I posted blog about calculation of Quadratic Entropy (QE) before.

Today, I will calculate and compare the diversity indices, Quadratic Entropy (QE), Shannon Entropy & Simpson index.

these diversity indices were used to evaluate tumor cell diversity.

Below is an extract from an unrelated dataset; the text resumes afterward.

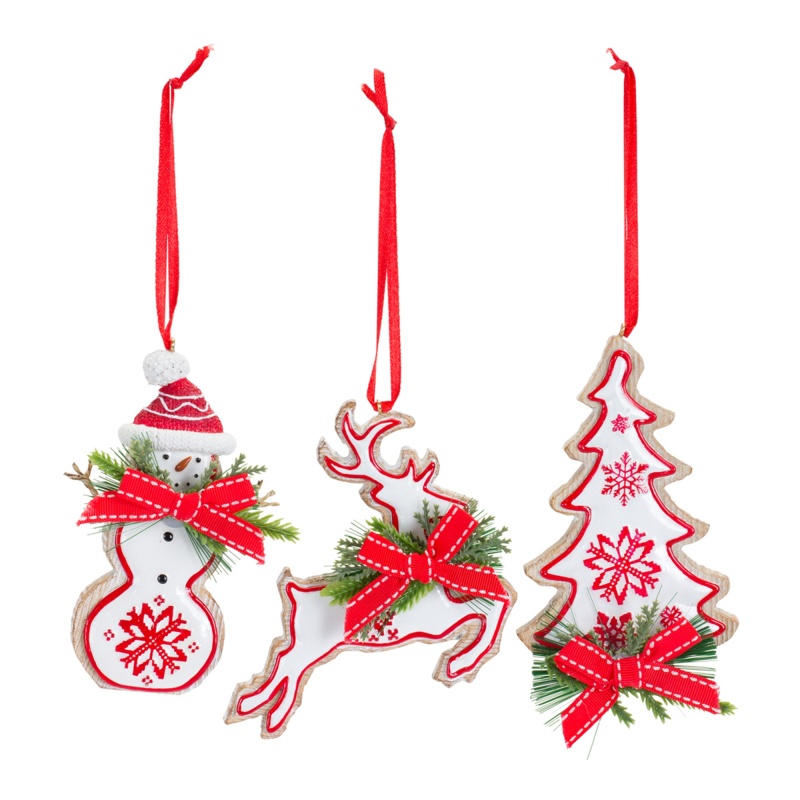 Snowman, Tree & Deer Ornament Set of 6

Evaluating tumor heterogeneity in immunohistochemistry-stained breast cancer tissue | Laboratory Investigation

f:id:t_kahi:20190824150814p:plain

I calculate Quadratic Entropy (QE), Shannon Entropy & Simpson index for the same as the previous post.

library(ggplot2)

min <- 0
max <- 20

hist1 <- rnorm(500,10,1)
hist2 <- rnorm(500,10,1)
hist <- c(hist1, hist2)
data <- data.frame(intensity = hist)
head(data)

len <- length(data$intensity)
K <- 1 + log2(len)

plt <- ggplot(data,aes(x=intensity))+
  geom_histogram(bins=round(K))

plt

add <- max/K

break_data <- seq(min, max, add)
break_data <- c(break_data, break_data[length(break_data)]+add)
data$bins <- cut(data$intensity, breaks=break_data,label=FALSE)

data <- na.omit(data)
hist_data <- data.frame(table(data$bins))

result <- data.frame(Num = seq(1:length(break_data)))
result <- merge(result,hist_data,by.x="Num", by.y ="Var1",all=T)
result[is.na(result)] <- 0

result$"Freq" <- result$"Freq"/sum(result$"Freq")
result$"Num" <- (result$"Num"-min(result$"Num"))/(max(result$"Num")-min(result$"Num"))

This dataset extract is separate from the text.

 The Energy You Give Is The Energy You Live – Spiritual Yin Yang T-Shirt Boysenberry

distance <-  dist(result$"Num",method = "euclidean")

D <- as.matrix(distance)
p <- as.vector(result$"Freq")

#Calculate Quadratic Entropy
QE <- c(crossprod(p, D %*% p)) / 2
QE

#Calculate Shannon Entropy
shanon <- -sum(result$"Freq"*log2(result$"Freq"+1e-15) )
shanon

#Calculate Simpson idex
simp <- sum(result$"Freq"*result$"Freq" )
simp

I tested multiple histogram which changed rnorm mean values and number of datasets.

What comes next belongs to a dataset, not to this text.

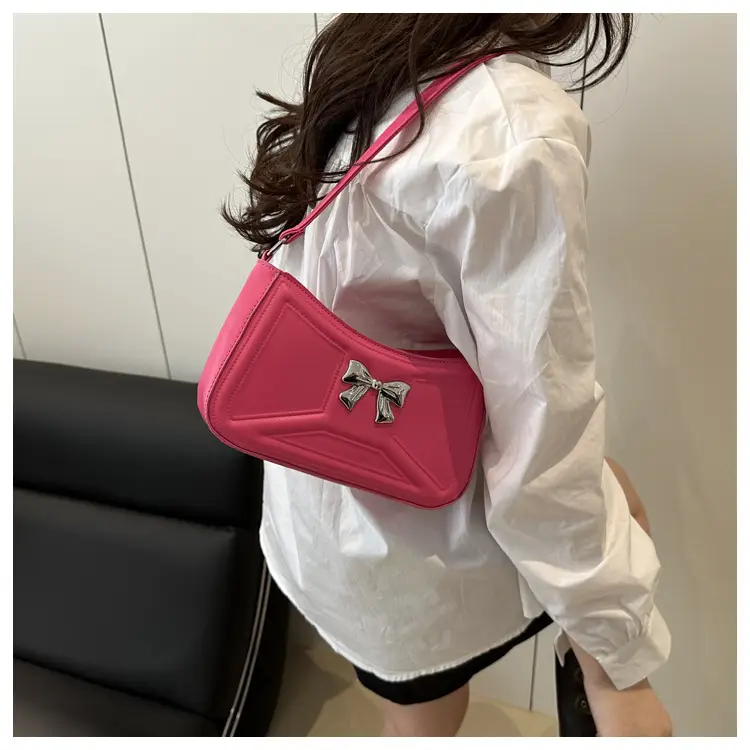 White Bow Shoulder Bag with French Texture — feature 27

The following data is the calculation result of QE, Shannon entropy and Simpson index.
The 50 : 50 mix consists of 2 units normal distribution, and the mean of the distribution is changed as follows:
f:id:t_kahi:20190824163410p:plain
These data showed that the value of QE are increased when distribution of histogram were separated.

Next, the following data is the calculation result of different 10∶1 mix which consists of 2 unit normal distributions.
f:id:t_kahi:20190824163427p:plain
Shannon entropy and Simpson index are not sensitive to a small 10% subpopulation. On the other hand, it is shown that the value of QE increased steadily.